En dehors de l'attente, une autre classe de problèmes à éviter est l'excès de communication. Les interconnexions qui portent ces communications (qu'il s'agisse du bus interne portant la cohérence de cache CPU ou du réseau explicitement commandé en calcul distribué) ont une certaine latence et une bande passante finie. Toute communication introduit donc des surcoûts qui écartent le programme parallèle du passage à l'échelle parfait. Et lorsque la bande passante d'une interconnexion est épuisée, on ne peut plus augmenter le niveau de parallélisme associé.
Cela implique, en particulier, qu'il faut se méfier de tous les mécanismes qui permettent à un thread ou plus de communiquer avec tous les autres threads du système. Quand une communication collective s'avère nécessaire, elle doit si possible se produire entre des groupes de threads de taille réduite, quitte à produire ensuite un résultat global par plusieurs passes de communication hiérarchique.
Les synchronisations de type "barrière", où l'on attend qu'un groupe de threads ait terminé un travail avant de continuer, combinent à la fois une synchronisation basée sur l'attente et une communication entre de nombreux threads.

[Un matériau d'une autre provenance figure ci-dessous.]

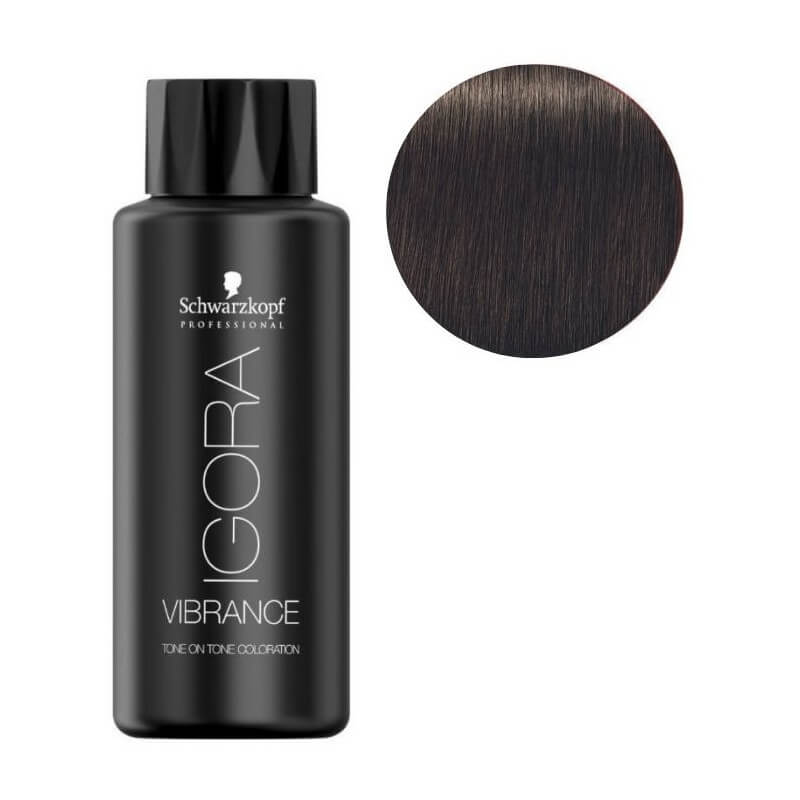 Igora Vibrance 5 - 0 SCHWARZKOPF 60ML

Elles ne doivent donc être employées qu'avec la plus extrême parcimonie.
Enfin, le passage à l'échelle en parallèle passera aussi souvent par une optimisation individuelle de chaque tâche séquentielle, afin de réduire l'empreinte de chacune d'entre elle sur les ressources matérielles partagées dont l'épuisement empêche tout passage à l'échelle. La parallélisation se situera donc idéalement après l'optimisation séquentielle dans le processus de développement.